Almerico and his younger brother grew up in Norco, a small industrial town in St. Charles Parish. Their father was a dentist; their mother managed his practice. “There were three or four thousand citizens,” Almerico said in a recent interview. “The adjoining spillway had an encampment for German prisoners of war. I can remember standing on the side of the road returning waves to truckloads of prisoners as they passed through town on their way to the spillway. We had whaling ships come into port. My father was frequently called aboard to treat crew members who were not allowed to leave their ships.”

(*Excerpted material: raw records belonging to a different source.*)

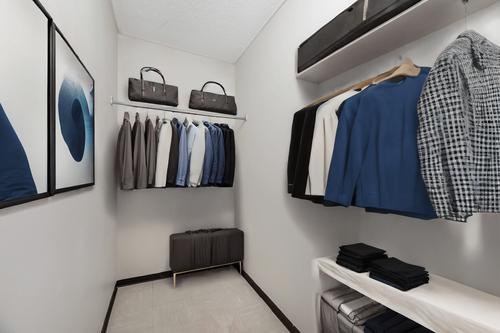 Studio à louer à Sherbrooke — photo 15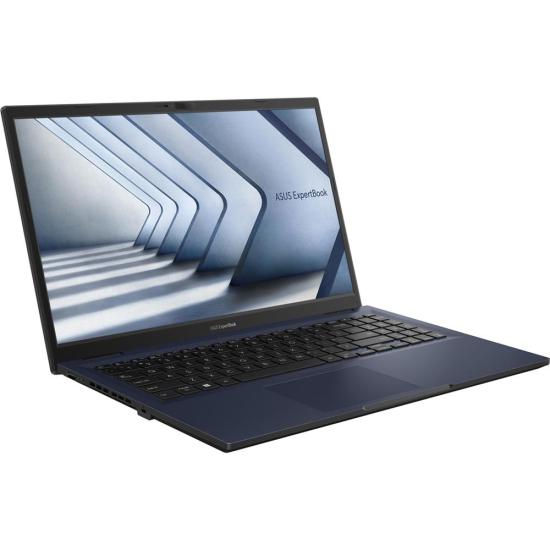 Asus B9403CVA-KM0B88 İ7 32Gb 1Tb FDos 14’’ Notebook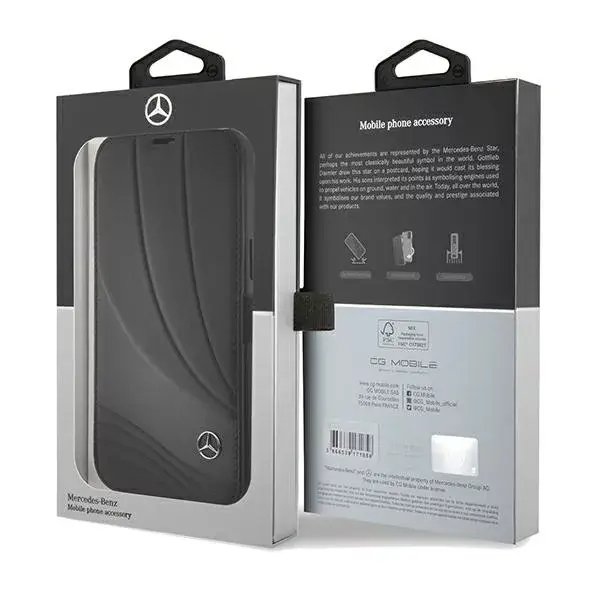 Makšķīte‑maks Tech‑Protect Galaxy A56 5G Photo 914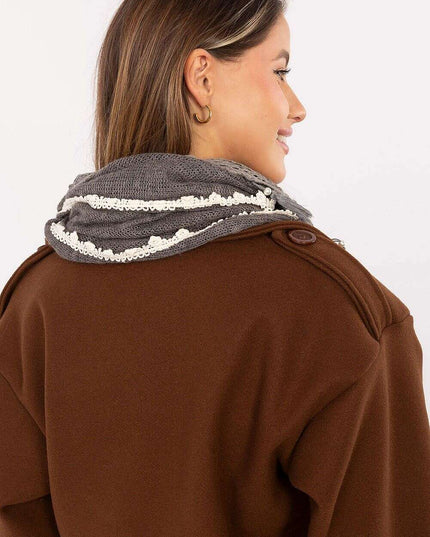 Neckerchief model 220382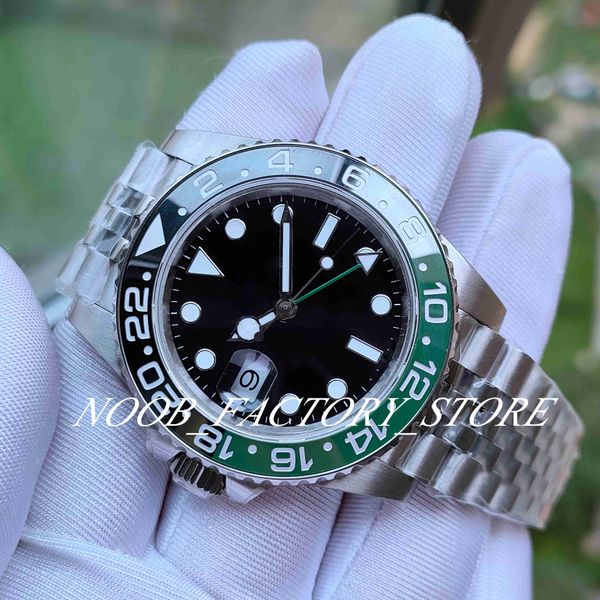left hand watches mens bp factory v2 version asian 3186 movement function adjust hour hand green ceramic bezel 40mm 126720 super luminous wr, Slivery;black
left hand watches mens bp factory v2 version asian 3186 movement function adjust hour hand green ceramic bezel 40mm 126720 super luminous wr, Slivery;black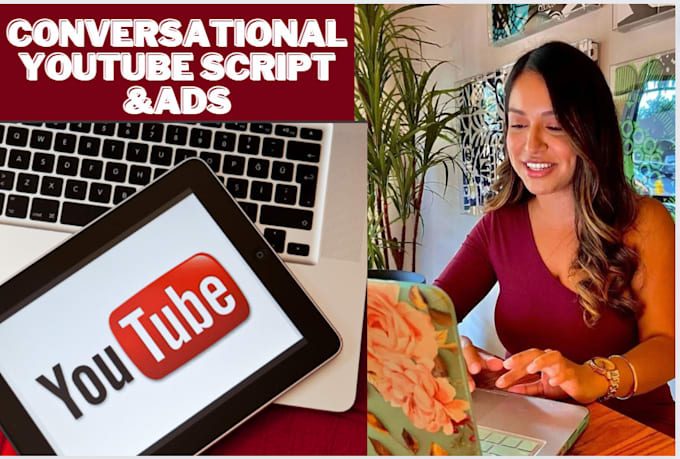 Gig Preview - Write an engaging youtube script as a professional script writer, MMA true crime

When Joey was 11, his dad brought home a Western Auto Doodle Bug scooter. “I had been begging him for one,” says Almerico. “I had seen people riding at the Shell Refinery in Norco. The staff rode Simplex scooters made in New Orleans, and they were allowed to ride them home.” Without benefit of helmet or protective gear, young Joey regularly rode his red Doodle Bug from Norco to Kenner (about thirty miles round trip) in a T-shirt and shorts. “This was the source of travel for me,” he said. “I rode it on the River Road. It gives you a sense of freedom. That was when the motorcycle bug bit me, right there.”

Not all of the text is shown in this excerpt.